Have you ever seen the Great Escape or Stalog 17?

Much of what they show was based on real occurances.

(Note: don’t use Hogan’s Heroes however)

thanks for sharing, i hadnt seen either of those, though ive heard of the great escape and have considered it several times,

(note: goofs of hogans heroes - you weren’t kidding :wink: )

Great Escape is a great movie. Stalog is good.
Great Escape is suppose to be fairly factual.

I’m fairly sure it’s against Red Cross policy to aid prisoners to escape by giving them tools. Do you have a cite that substantiates this?

Or is this a case of the Red Cross being essentially tricked into doing it by not realizing the goods provided by American sources were disguised tools?

Yes, cite please. I have never heard of such a thing with regard to the Red Cross.

Look at the “The “Colditz Cock” glider” section of this Wikipedia page for one of the oddest escape tactics.

I just saw “Nazi Prison Escape”. I would really recommend “Escape from Colditz” , the documentary.

Nitpick: it’s “Stalag”.

Thanks, I knew it look weird. :wink:

okay, so it took me a little while to come clean in providing a cite , but thanks to a little help from hombre i found one, and a fascinating transcript of “nazi prison escape”, just the type of thing i was looking to read about

however, the link that flight provided projects a different view-

So there is no cite that says the Red Cross itself initiated any of this. Just that they were a vehicle for others sending things.

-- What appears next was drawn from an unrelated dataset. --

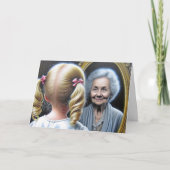 誕生日の少女と老婦人 カード (正面)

Can I ask where you got your original statement

You mean the prison camp was not full of amatuer pornographers?

[hijack]
What is the name of that escape movie with the allied (British?) soldiers, and one of them escapes to climb a mountain, then goes back?
[/hijack]

Hey! It was just a TV program. Making the gaffs and pointing them out is all in fun.
It’s not a federal case.
TV soaps are far worse!

Why did the Nazi brass let them have Red Cross packages at all? In the wiki article, it says the prisoners had better foodstuffs than the guards thanks to these packages. It also seems like when they weren’t busy escaping they were putting on plays, making booze, or playing pranks on the guards. It seems like they even let some prisoners go into town to womanize. This seems pretty surreal to me. Wouldn’t a better strategy (for the Nazis) be to publicly execute would be escapees instead of photographing them in their disguises for fun?

I guess I can see the guards not really caring one way or another, but the higher ups in the Reich had to see that escaping officers were bad for business. Did they just have that much respect for military establishment, or was there a greater strategic angle I’m missing?

It all seems weird in light of all the atrocities committed by the Nazis throughout the war.

What are you talking about? You sound like you are describing Hogan’s Heroes.
Am I whooshed or are you confused?

the original statement came from a conversation between a friend and me, the subject was brief, so i wasnt able to ask in detail where she learned this from, but i see now that she probably recently saw this documentary and/or article

i felt it could have been thread worthy-
pardon my confidence in my op, not the most scientific i assume-

oh well, pants & paddle

s/he is right about the wiki article, some of the statements about their life at the camp seem bizarre in retrospect

War is ever a practical business.

Obviously, being in charge of a POW camp is one of those jobs that may not let you get back to your family covered in glory, medals and promotion, but it does tend to let you back in one whole, breathing piece - provided you don’t screw up, i.e., no dispatches to HQ for reinforcements. So if you’re put in charge of guarding a few thousand trained fighters in the 18-25 year age range, you can bet you’ll try everything you can to keep them docile.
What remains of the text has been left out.